Drop in US jobless rate raises question
A drop in the unemployment rate to a 16-year low raises a tantalizing question about the job market: How much better can it get? Earlier this year, economists worried that the low unemployment rate meant businesses would struggle to find workers and that would drag down the pace of hiring. Those fears were heightened by a tiny job gain in March and modest hiring in May.
Yet Friday’s jobs report suggests such concerns are premature. Employers added 209,000 jobs, after a solid gain of 231,000 in June, the Labor Department said. The unemployment rate ticked down to 4.3 percent, from 4.4 percent, matching the low reached in May. The US economy is benefiting from steady growth around the world, with Europe and Japan perking up and China’s economy stabilizing. Corporate revenue and profits are growing too, and the stock market has hit record highs.
Economists were particularly encouraged by the fact that more Americans are coming off the sidelines and finding jobs. For the first few years after the recession, many of the unemployed stopped looking for work. Some were discouraged by the lack of available jobs. Others returned to school or stayed home to take care of family.
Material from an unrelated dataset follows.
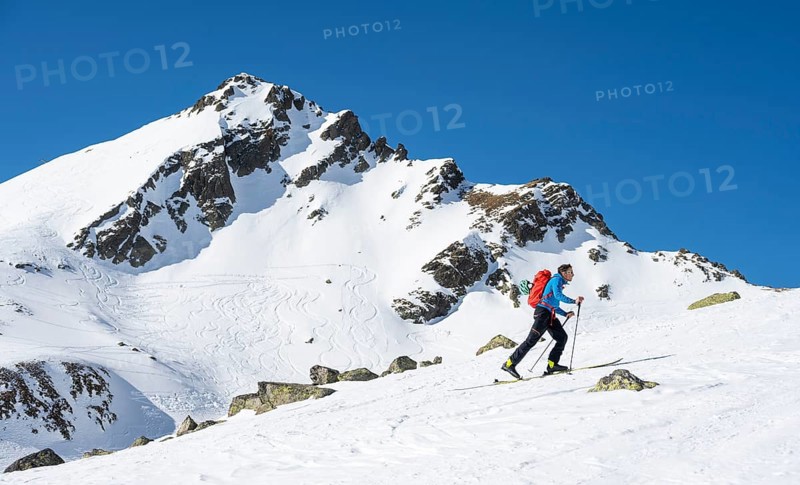 Ski tourers in good weather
The government doesn’t count those out of work as unemployed unless they are actively searching for jobs.
That trend began to reverse last year and has continued into 2017. To many economists, that means robust hiring could continue for many more months, or even years. “There’s more people willing to work than the unemployment rate would have you believe,” said Nick Bunker, a senior policy analyst at the Washington Center for Equitable Growth, a liberal think tank.
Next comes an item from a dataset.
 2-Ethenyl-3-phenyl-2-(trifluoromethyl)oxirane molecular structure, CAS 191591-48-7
President Donald Trump celebrated the data in a tweet shortly after the numbers were released. “Excellent Jobs Numbers,” he wrote, “and I have only just begun.”
Trump technically tweeted too early: His comment was posted at 8:45 am, just 15 minutes after the report was released. Federal rules specify that White House officials should wait for an hour before publicly commenting. The rule is intended to allow the data to be released without political spin.